Warrior Soul: The Memoir of a Navy SEAL (8 page)

The second squad materialized from their hiding places, and in the lurching light of the flare, I could see the gas tubes of their rifles glowing red hot through the vent holes. In the crazily pointed headlights, the men emerged, faces painted green and black and their eyes wide, almost yellow, jacked up, adrenaline-hyped, and perfectly helter-skelter. Someone grunted, “Yeah, man, I got some,” like a redneck at a Molly Hatchet concert.

I looked around as I shoved a fresh mag into my rifle. The attack had been flawless, and the ruin of the vehicles was complete. The jeep was now upside down, the truck was burning off the side of the road, and almost every square foot of both was shot through by bullets or perforated by the deadly shrapnel of claymores.

I said, “Set security. Search team in.” Two pairs of men came forward to count and search the dead, while the rest of the squads arrayed themselves up and down the road, reloading weapons, taking cover, ready to meet any of the gallant enemy attracted by the sounds of our ambush.
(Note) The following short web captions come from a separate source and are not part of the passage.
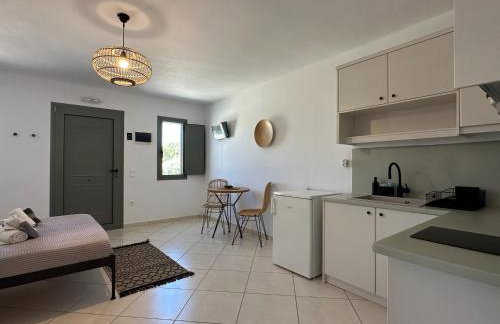 Ammos Andros Accommodation - Photo 25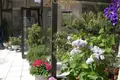 3 room apartment  Smolice, Poland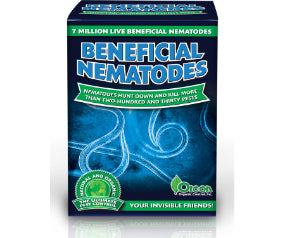 beneficial nematodes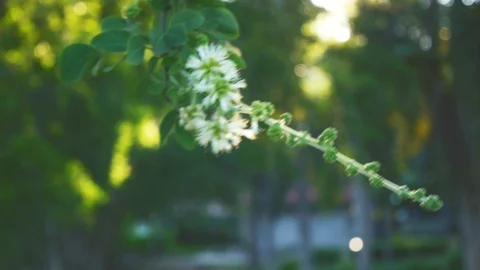 Trees and leaf and warm bokeh sunset nature footage clip Stock Footage 97524360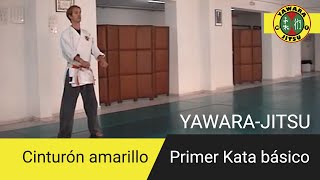 Primer Kata de YawaraJitsu Cinturón Amarillo [upl. by Haraz]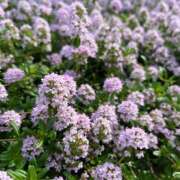 ヒメ日記 2025/05/04 11:12 投稿 おとは ビデオDEはんど 名古屋校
Then headlights snapped on up and down the road. I could see men standing in their glow, one lighting a cigarette. Not enemy but friendlies. They were members of the training department of SEAL Team Four. Our ambush had been a final evolution in advanced operator training, or AOT—the highly realistic scenarios that SEAL platoons go through before deployment. The members of the cadre (and that’s what they were called, “cadres”) watched the ambushed vehicles as we searched them. They had watched everything, our setup, our attack, and now they were clocking what was called “time on target.” I bent down on hands and knees and looked into the upside-down jeep. There was a mannequin behind the steering wheel, the dummy head of a woman shot through the face by a 5.56-millimeter bullet. On the ground under the passenger seat was a cheap plastic briefcase stuffed with papers and maps. I dragged this free as my radio operator pulled the mannequin out of the jeep and laid it on the road.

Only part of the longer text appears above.